The configuration (via Java environment variable context) for the endpoint are:

* `NOSKE_API_URI`: URI; base URI to (No)SketchEngine Bonito endpoint, required!
* `FCS_RESOURCES_FROM_NOSKE`: Boolean, if (No)SketchEngine `/corpora` API endpoint should be used to automatically generate the Endpoint Description with the list of resources (corpora). If `false`, the embedded or with `RESOURCE_INVENTORY_URL` (`"de.saw_leipzig.textplus.webservices.fcs.fcs_noske_endpoint.resourceInventoryURL"`) specified Endpoint Description file is being used.
* `DEFAULT_RESOURCE_PID`: String, default resource PID for searches where no `x-fcs-context` is specified. Take care that you include the possible resource PID prefix, specified in [`d.s.t.w.f.f.NoSkESRUFCSConstants`](src/main/java/de/saw_leipzig/textplus/webservices/fcs/fcs_noske_endpoint/NoSkESRUFCSConstants.java).

## Build and Deployment

Build [`fcs.war`](target/fcs.war) file for webapp deployment:

```bash
mvn [clean] package
```

Some endpoint/resource configurations are being set using environment variables. See [`jetty-env.xml`](src/main/webapp/WEB-INF/jetty-env.xml) for details. You can set default values there.
For production use, you can set values in the `.env` file that is then loaded with the `docker-compose.yml` configuration. Take a look at the [`.env.template`](.env.template) file, save a copy to `.env` with your own configuration.

This SRU/FCS Endpoint project includes both a [`Dockerfile`](Dockerfile) and a [`docker-compose.yml`](docker-compose.yml) configuration.
The `Dockerfile` can be used to build a simple Jetty image to run the FCS endpoint. It still needs to be configured with port-mappings, environment variables etc. The `docker-compose.yml` file bundles all those runtime configurations to allow easier deployment.
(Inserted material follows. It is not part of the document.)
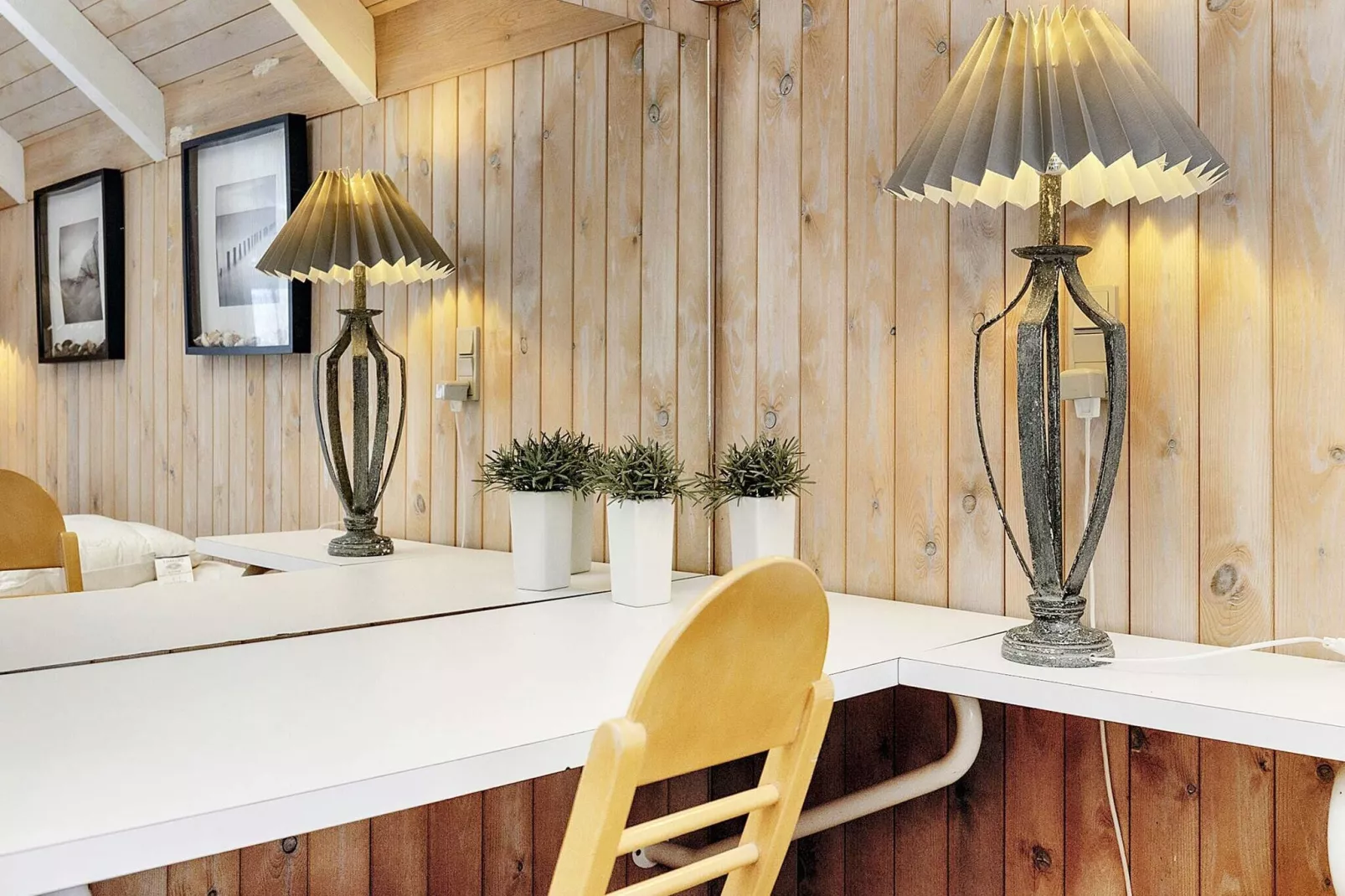 8 persoons vakantie huis in Fjerritslev-By Traum-Binnen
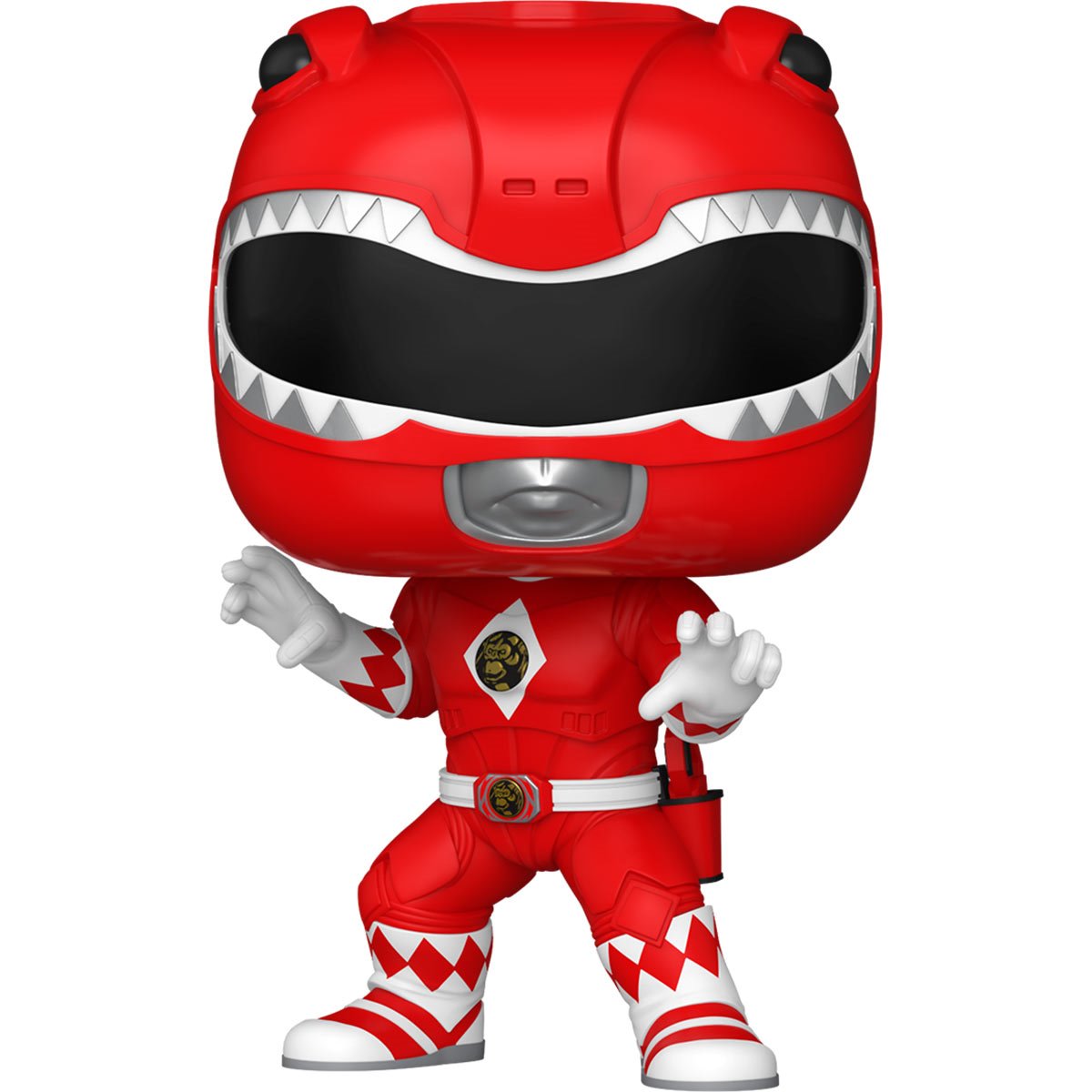 Funko Pop! Mighty Morphin Power Rangers - The Movie Ninja Red Ranger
You still need to create an `.env` file or set the environment variables if you use the generated code as is.

### Using docker

```bash
# build the image and label it "fcs-endpoint"
docker build -t fcs-endpoint .

# run the image in the foreground (to see logs and interact with it) with environment variables from .env file
docker run --rm -it --name fcs-endpoint -p 8200:8080 --env-file .env fcs-endpoint

# or run in background with automatic restart
docker run -d --restart=unless-stopped --name fcs-endpoint -p 8200:8080 --env-file .env fcs-endpoint
```

### Using docker-compose

```bash
# build
docker-compose build
# run
docker-compose up [-d]
```

### Run with Jetty (Maven)

Uses Jetty 10. See [`pom.xml`](pom.xml) --> plugin `jetty-maven-plugin`.

```bash
mvn [package] jetty:run-war
```

NOTE: `jetty:run-war` uses built war file in [`target/`](target/) folder.

The search request for _something_ in CQL/BASIC-Search:

```bash
curl '127.0.0.1:8080?operation=searchRetrieve&queryType=cql&query=something&x-indent-response=1'
# or port 8200 if run with docker
```

### Debug (Jetty, Maven) with VSCode

Add default debug setting `Attach by Process ID`, then start the jetty server with the following command, and start debugging in VSCode while it waits to attach.

```bash
# export configuration values, see section #Configuration
MAVEN_OPTS="-Xdebug -Xnoagent -Djava.compiler=NONE -agentlib:jdwp=transport=dt_socket,server=y,address=5005" mvn jetty:run-war
```

### Tests

There are a few basic tests in [`src/test/java/d.s.t.w.f.f/`](src/test/java/de/saw_leipzig/textplus/webservices/fcs/fcs_noske_endpoint) with hopefully more to come...
There exists a custom tests [`log4j2.xml`](src/test/resources/log4j2.xml) configuration file.